Мы с Лидией провели еще несколько дней в Греции, а затем двинулись дальше, на север, по направлению к Амстердаму. На огромных грузовиках мы пересекли автостопом всю Югославию и Германию.
Помню, что мне приходилось спать на грузовике, под грузовиком, внутри грузовика. Я изучила грузовики снизу доверху, вдоль и поперек.

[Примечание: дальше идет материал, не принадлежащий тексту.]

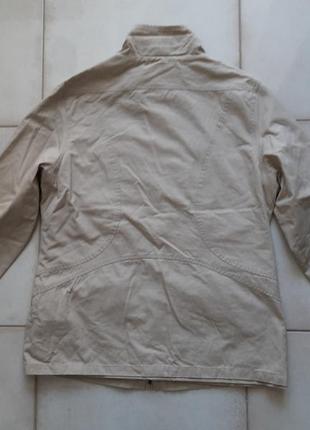 Ветровка куртка  хлопок  размер  l8 фото
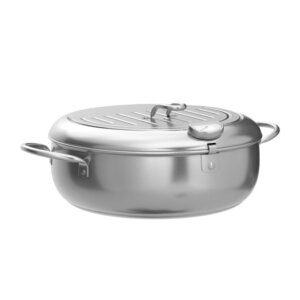 مقلاه عميقه مع مصفاه للزيت 2*1 الحديثة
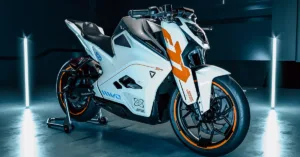 Ultraviolette F77 : The Ultimate Electric Sports Bike with 211 km Range & Futuristic Digital Tech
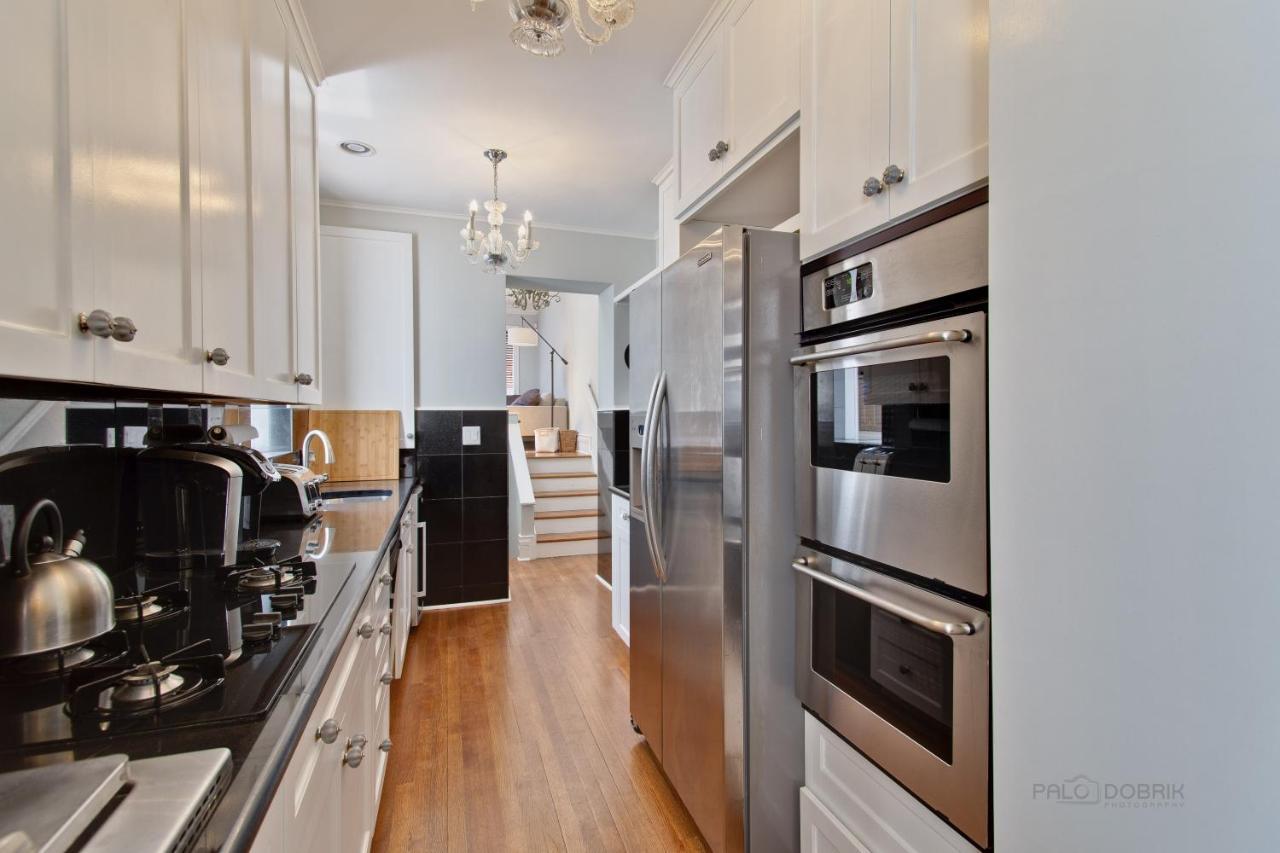 Historic Luxury Townhouse In Downtown Chicago别墅 外观 照片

В Мюнхене, пока я ожидала в метро поезд, меня посетило видение. Я стояла на платформе, чувствуя себя довольно уставшей и немытой. Мы были в пути уже три или четыре дня, тормозили машины, спали в трейлерах и давно не принимали душ и не стирали свои джинсы. Немецкое метро было очень немецким в своей аскетической серости, бесцветности и мраке, а движущиеся мимо меня сплошным потоком люди вполне соответствовали обстановке и не очень отличались друг от друга. Внезапно посреди всей этой серости я увидела красивого высокого блондина, одетого в ярко-оранжевую одежду и с ситаром через плечо. Он, можно сказать, сиял чистотой и излучал жизненную силу. Я просто не могла поверить в его реальность. Затем он растворился во мраке толпы, и больше я его не видела. Через час мы с Лидией оказались в мюнхенском Английском саду, в той особой части этого парка, где собираются путешественники – по-моему, она называется Газебо – и там видение явилось ко мне снова – белокурое божество восседало на холме и играло на своем ситаре. Мы с Лидией посмотрели друг на друга, и у нас обеих промелькнула в голове одна и та же мысль: «Вот это да!»
Ожерелье из деревянных бусин, которое висело у него на шее, выглядело довольно странно. Когда я подошла к нему поближе, я разглядела, что на ожерелье есть также медальон с фотографией бородатого мужчины необычного вида. Впечатление странности усилилось еще больше. Когда молодой человек перестал играть, нам удалось завязать с ним разговор и познакомиться. Он сказал, что его зовут Говиндас, и в ответ на наш вопрос, не знает ли он какую-нибудь недорогую гостиницу, в которой мы могли бы переночевать, он предложил нам провести ночь в медитационном центре, где остановился сам.